What is expected to happen in the years ahead may change the ground rules forever. It is expected that the commissions on all products will go away. If that were to happen, all advisors irrespective of what they call themselves will have to charge a fee for advice and management of assets. This could truly remove any vested interest in advisory. However, the environment could get tougher as everything is going to be fee based. Collecting a separate fee has always been a challenge, as opposed to an embedded fee in the product. The overall income of operators is expected to come down, though the costs would be higher due to much higher reporting and compliance requirements.

Also, the regulations have not addressed the problem of intermediaries calling themselves by fancy names. Financial Consultants, Financial Architects, Wealth Planners, Money Counselors etc. are some of the fancy designations that they give themselves. This is going to result in confusion in the minds of the public as they have no way of knowing, what each of these means. Regulators should address this immediately. The regulators concerned should mandate that the designation should truly reflect what they do and not bring creativity into it. It should be made compulsory to use designations like Stock Broker, Insurance Advisor, MF distributor, Financial Planner etc., based on what an individual is registered for.

Financial Planners and Doctors Should Be Treated the Same

The regulators don’t tire of the medical analogy. In that profession, a patient must consult a doctor, who prescribes medicines which are to be sourced from the pharmacist. In the financial services space, this kind of tight coupling is not there. So, an investor can directly buy a product from the manufacturer or  they can buy through a distributor, without first seeking advice. The manufacturer/distributor does not know the client situation well enough and this could result in wrong products being sold. This is a serious problem not being addressed in the financial services industry.

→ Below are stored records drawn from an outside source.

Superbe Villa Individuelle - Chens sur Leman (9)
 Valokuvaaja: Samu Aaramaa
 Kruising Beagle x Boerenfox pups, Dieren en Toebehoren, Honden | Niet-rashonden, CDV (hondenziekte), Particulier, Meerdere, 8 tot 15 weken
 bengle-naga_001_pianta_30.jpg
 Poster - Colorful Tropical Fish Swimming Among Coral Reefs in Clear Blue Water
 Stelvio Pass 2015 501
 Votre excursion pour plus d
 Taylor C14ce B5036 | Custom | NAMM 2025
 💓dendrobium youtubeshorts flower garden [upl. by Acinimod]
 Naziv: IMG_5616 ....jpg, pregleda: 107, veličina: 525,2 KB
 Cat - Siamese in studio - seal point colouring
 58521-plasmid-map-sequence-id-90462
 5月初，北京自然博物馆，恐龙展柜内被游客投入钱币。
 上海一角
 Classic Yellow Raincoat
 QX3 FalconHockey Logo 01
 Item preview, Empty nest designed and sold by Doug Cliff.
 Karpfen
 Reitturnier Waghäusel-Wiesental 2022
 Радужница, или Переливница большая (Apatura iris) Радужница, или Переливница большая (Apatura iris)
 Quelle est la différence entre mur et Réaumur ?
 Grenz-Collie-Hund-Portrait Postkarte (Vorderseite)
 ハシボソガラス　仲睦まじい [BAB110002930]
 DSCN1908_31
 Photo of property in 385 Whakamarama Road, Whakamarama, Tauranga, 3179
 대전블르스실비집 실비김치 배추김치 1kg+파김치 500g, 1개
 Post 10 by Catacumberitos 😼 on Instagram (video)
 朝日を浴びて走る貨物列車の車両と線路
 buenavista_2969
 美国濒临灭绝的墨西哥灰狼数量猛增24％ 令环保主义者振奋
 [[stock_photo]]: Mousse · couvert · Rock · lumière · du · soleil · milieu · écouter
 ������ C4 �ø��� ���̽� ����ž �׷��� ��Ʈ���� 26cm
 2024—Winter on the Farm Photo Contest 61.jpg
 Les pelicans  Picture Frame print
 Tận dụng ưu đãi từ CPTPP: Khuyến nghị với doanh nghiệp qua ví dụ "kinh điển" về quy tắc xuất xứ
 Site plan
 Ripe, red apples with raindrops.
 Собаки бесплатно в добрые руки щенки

If consulting a fee-only “Investment Advisor” were made mandatory, we would see the development of a class of advisors, who act exactly like doctors. They would charge a fee per consultation and dispense advice which can be sourced elsewhere. This would make advice accessible to all, just like doctors are accessible to the general public.

If regulators are really serious about investors getting correct advice, they have to mandate that clients consult an “Investment Advisor”, who has complied with all regulatory requirements, and buy products elsewhere. Only then will the financial advisory field gain the legitimacy that it needs and as a result, help in establishing a framework where investors have to source advice before taking action. This will immensely benefit both the public and the profession.

Regulators all over the world want to do well for the public, but they also seem to be confused a lot. They are introducing regulations that are good in parts. Such half-baked regulations are going to create confusion and distortions that will be apparent later. Hopefully, regulators will notice these distortions and take corrective action overtime. Until then, confusion will reign. The investor for whom all these things are happening for is just as confused as the rest of us, in this rapidly evolving environment.

The best thing to do in this situation is to keep engaged with clients and keep them informed about what is happening and the impact it has on us and them. After all, investors need us as much as we need them. When the channels of communication are open and we are willing to honestly and truthfully update clients on what is happening in our field, we will be able to sail through these troubled waters successfully.

1 comment to Regulatory Changes in India Affecting Financial Planners

  • Sangram Patil

    A very nice article. Thanks for throwing some light on the forthcoming changes in the Indian Financial Regulations.
    However even if it is made mandatory to consult a “Fee Only” Investment Advisor”, before being able to buy an Investment Product from a Manufacturer / Distributor, the Manufacturers / Distributors would start influencing the “Fee Only” Investment Advisor, the way today’s Pharma companies try to do it with the Doctors.